Data extracts —
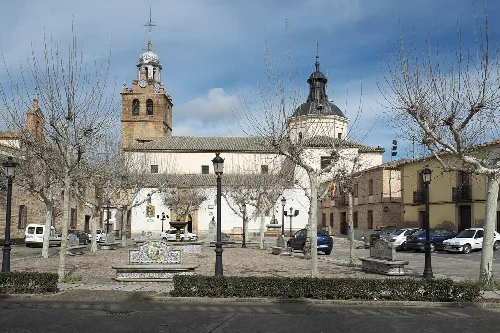 Santa Catalina Church with tower and dome in a square with trees and benches.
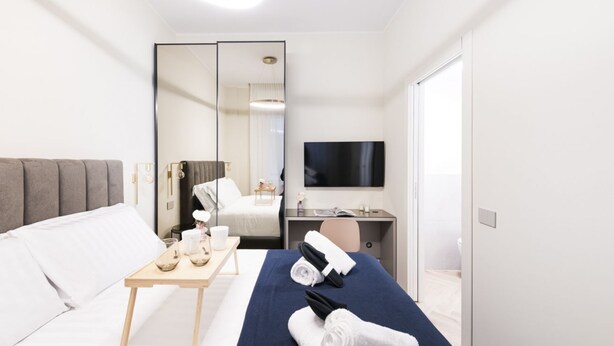 Une chambre d’hôtel avec un lit, un bureau, une télévision, un miroir et une porte.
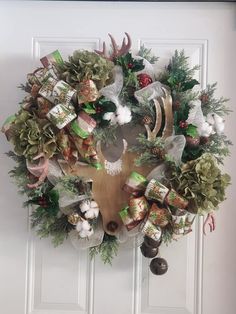 a christmas wreath with deer head, pine cones and bells on the front door handle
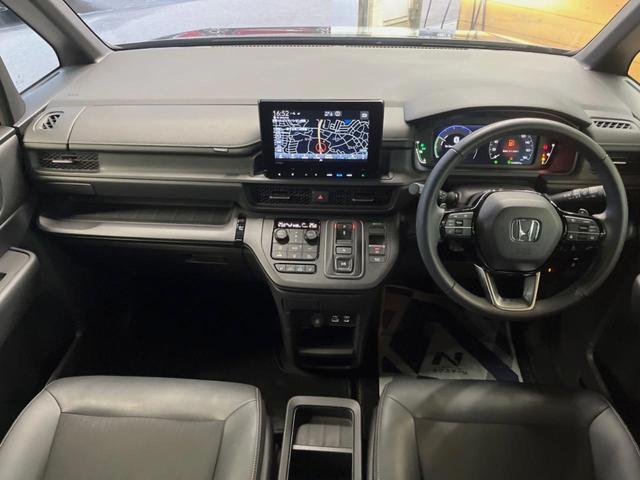 ステップワゴン e:HEVスパーダ 純正9型ナビ バックカメラ フリップダウンモニター レーダークルーズ 禁煙車 両側電動スライドドア ブラインドスポットモニター シートヒーター パワーバックドア ETC LEDヘッド オットマン(2枚目)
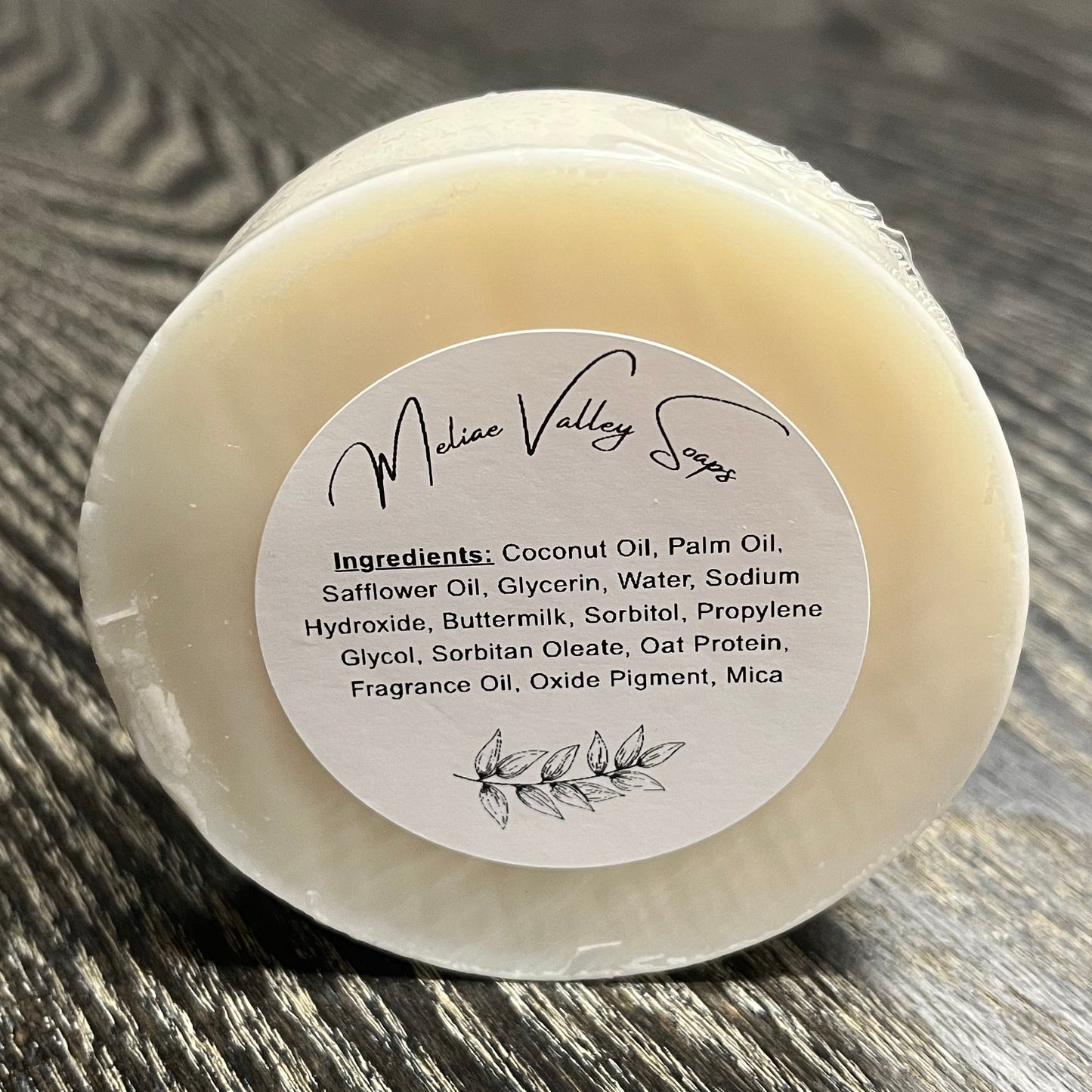 Bar of soap with a label on a wooden surface. 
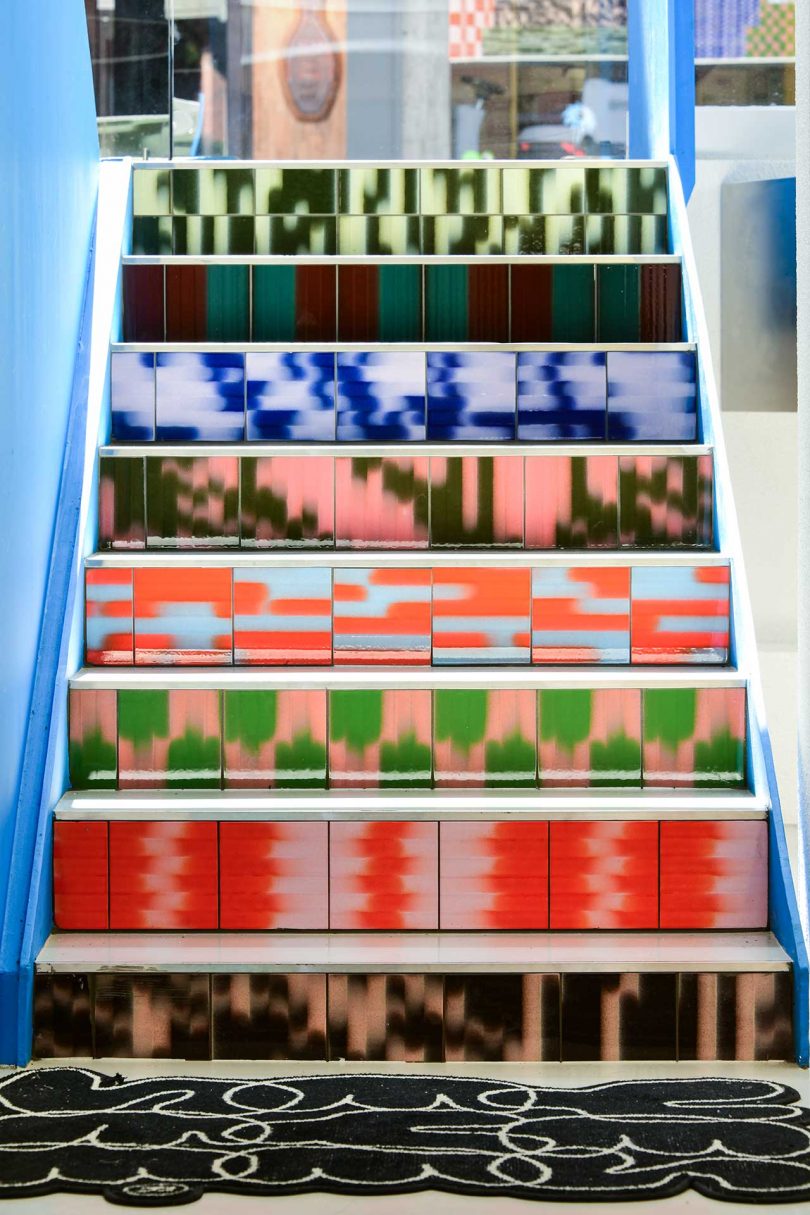 staircase with risers covered in colorful, patterned tile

Exercise instructions —
Nothing but the lines from the line with "Une chambre d’hôtel" through the last line of the listing should be copied, exactly and with both ends kept. Leave pictures out.

Exercise output —
 Une chambre d’hôtel avec un lit, un bureau, une télévision, un miroir et une porte.
 a christmas wreath with deer head, pine cones and bells on the front door handle
 ステップワゴン e:HEVスパーダ 純正9型ナビ バックカメラ フリップダウンモニター レーダークルーズ 禁煙車 両側電動スライドドア ブラインドスポットモニター シートヒーター パワーバックドア ETC LEDヘッド オットマン(2枚目)
 Bar of soap with a label on a wooden surface. 
 staircase with risers covered in colorful, patterned tile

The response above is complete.